To meet these ever-evolving demands by the next-generation end user, Web services and online applications have since jumped in to improve visual interactive application access at the PC desktop. However, until the advent of handheld broadband smartphones, such efficient solutions have not been conveniently available for use when users are mobile and away from a desktop PC. Needless to say, consumers were thus left out in the cold until now for improved and more efficient automated customer care based upon visual self-service application interfaces!

UC is not just a matter of making the costs of telephony cheaper, but also of making voice communications selectively more effective and complementary to other forms of visual and text-based communications and information access. This is where new UC capabilities like presence management, coupled with “click-to-call” capabilities, will make voice and video conversations and conferencing efficient supplements to the many forms of real-time text messaging (IM, SMS) and information exchange that are now available to consumers.

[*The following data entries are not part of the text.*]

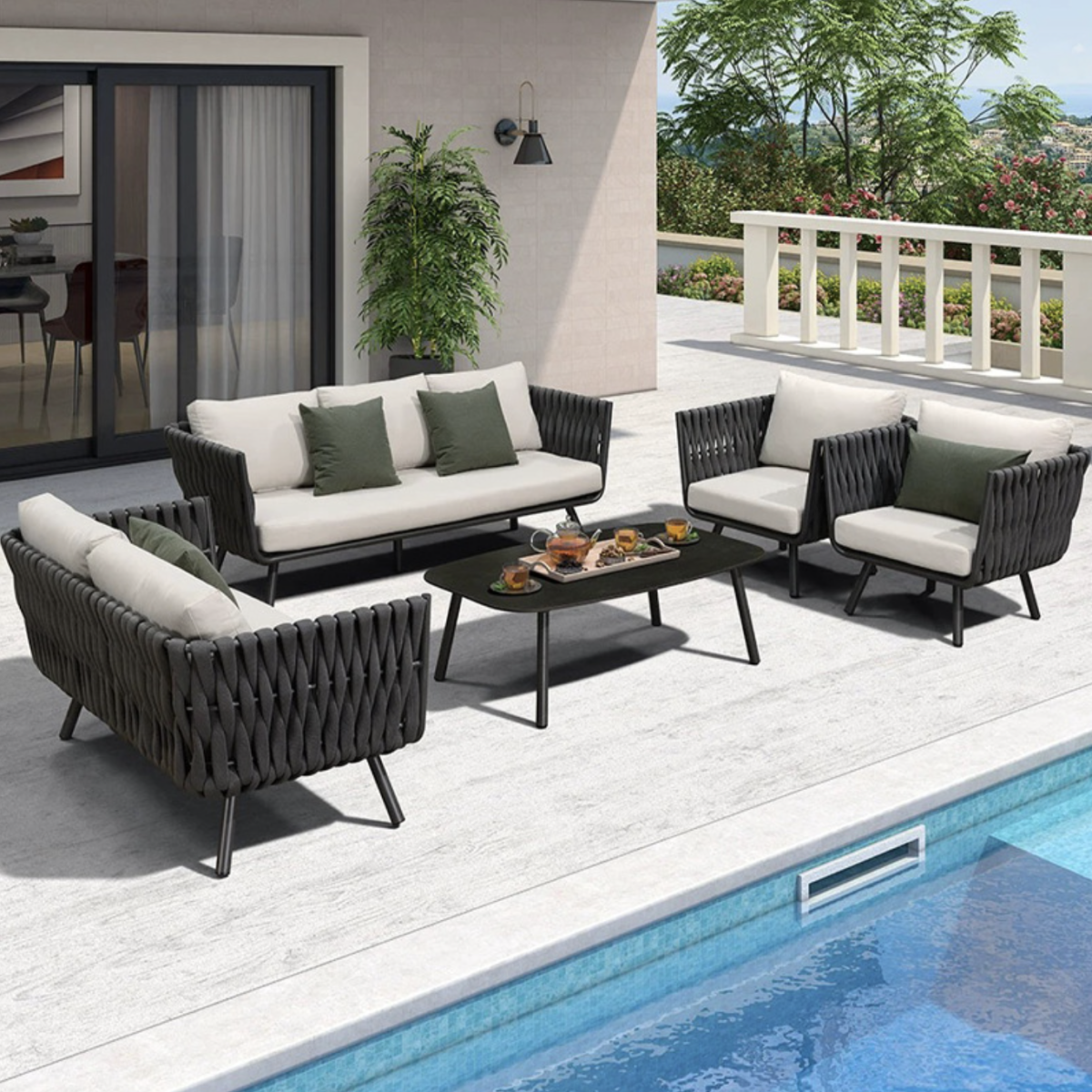 Outdoor Person Sofa Combination for Villa Balcony, Nordic Rattan Tea Table for Hotel Outdoor Courtyard Garden Leisure Furniture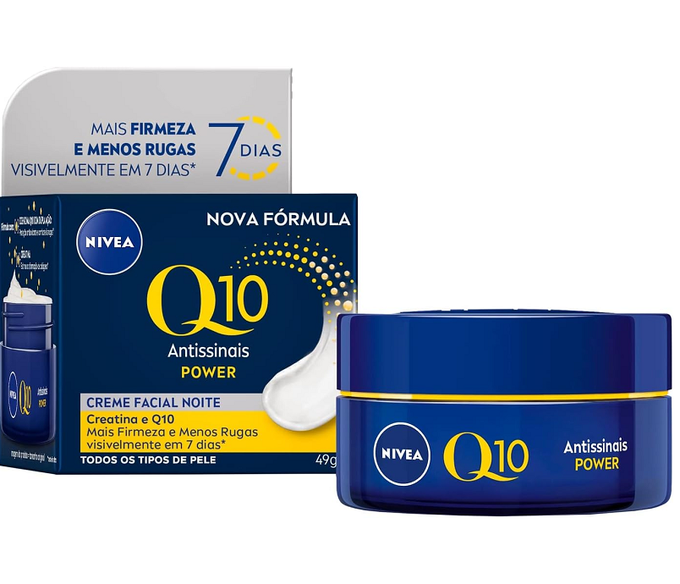 NIVEA Creme Facial Antissinais Noite Q10 Power Plus – Reduz rugas e linhas de expressão, hidrata intensamente e é adequado para peles sensíveis, uso noturno – 50g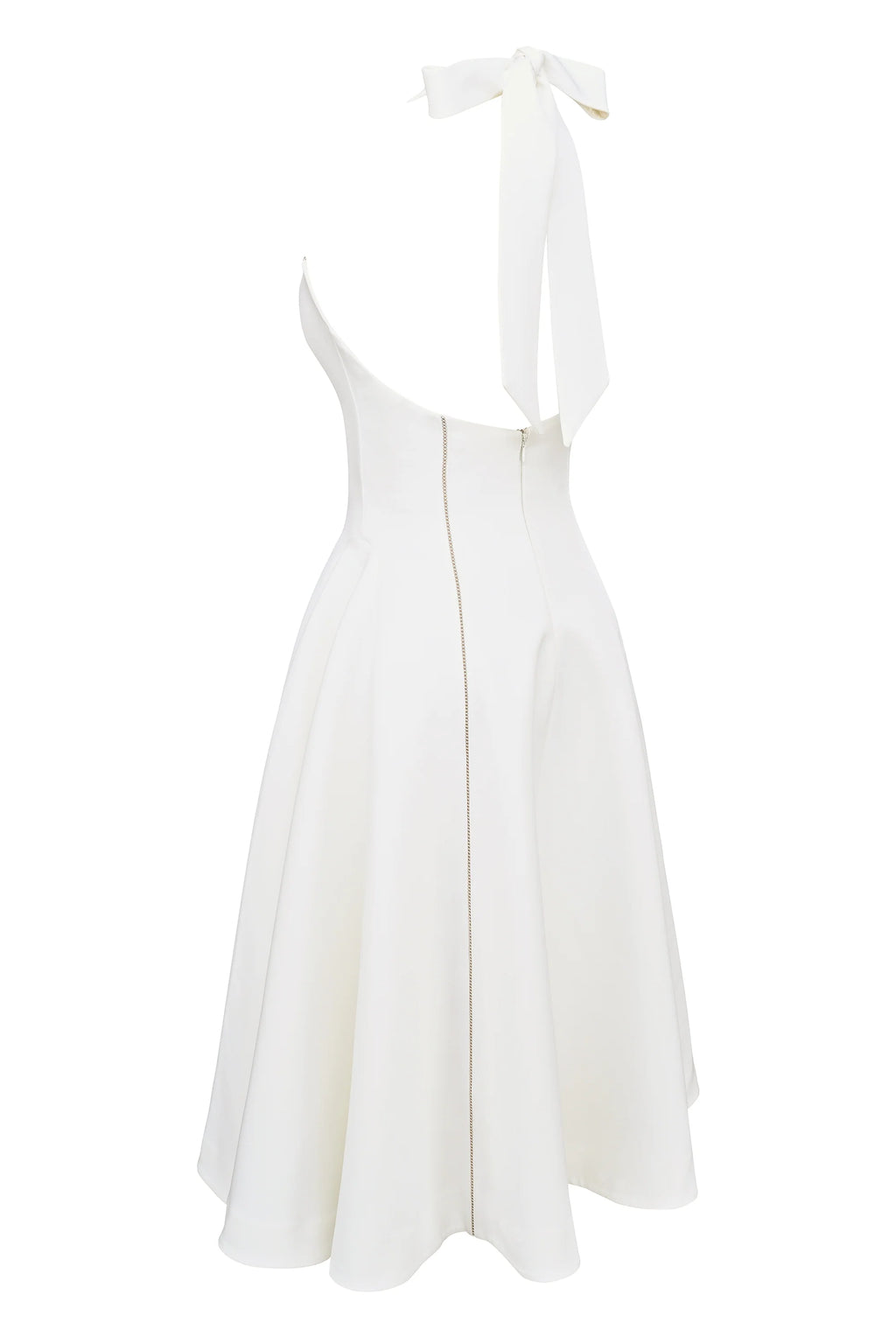 ivory halter neck midi dress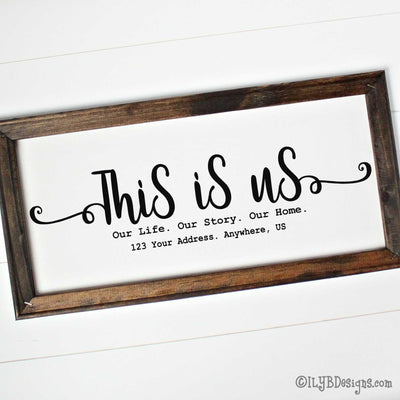 Dark walnut stained 20"x10" framed canvas with "This is us" in a black script font followed by a typewriter font that says, "Our Life. Our Story. Our Home." An optional address is underneath those words.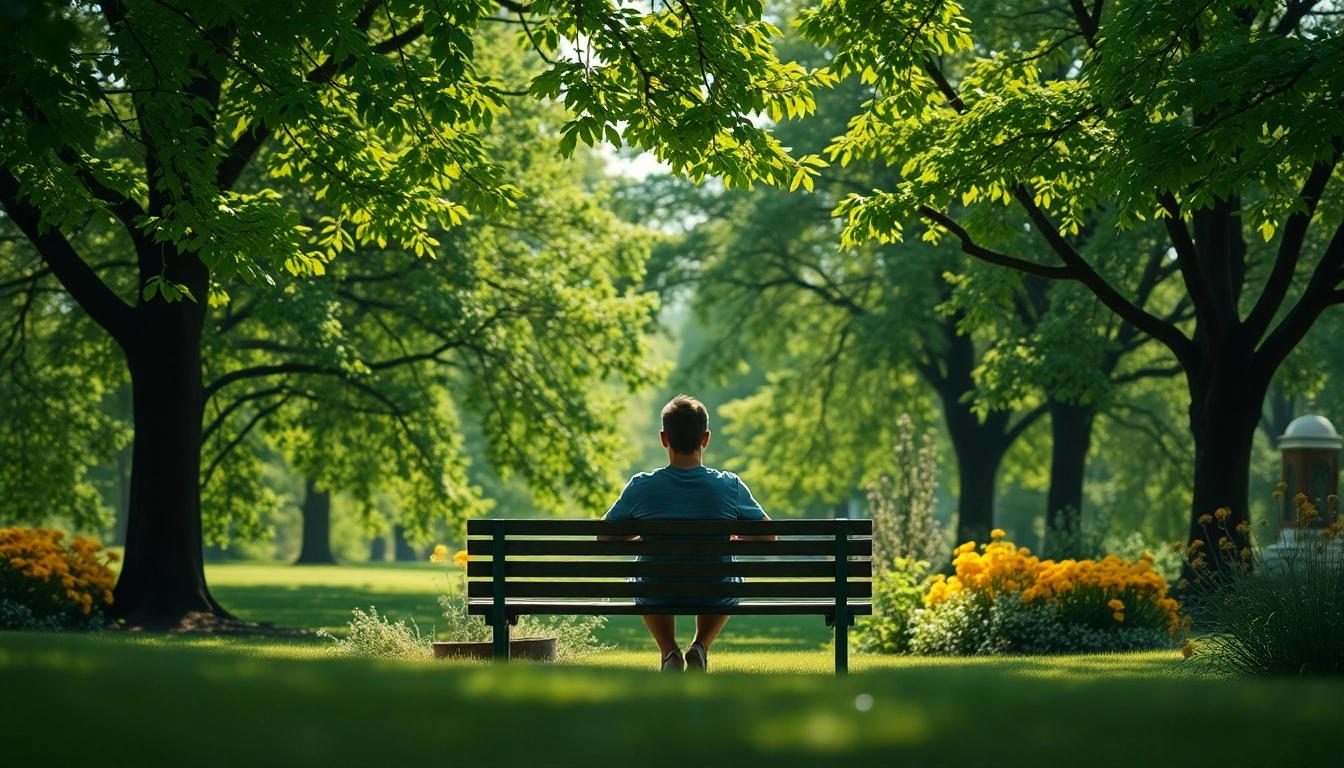 Person reflecting on dealing with depression in a serene park setting, surrounded by nature.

The new responsibilities for business communications and operational interactions must include the different business process application needs of end users from both inside and outside of the organization (business partners and customers). So, the real challenge for both large and small businesses is how to exploit all the pieces of UC, including IP Telephony applications, cost efficiently.

Mobility Will Become a Big Influencer For CEBP Integration

Mobile accessibility is not only a big factor for enabling UC flexibility for traditional person-to-person contacts via voice or text, but it will also facilitate application process-to-person and person-to-application process contacts that can exploit real-time, multi-media exchanges between people and information from automated self-service applications. In addition to being able to make immediate contact with mobile users, and, depending upon the person’s situation and information content, the choice of visual or voice application interface can also be dynamically determined by the individual users.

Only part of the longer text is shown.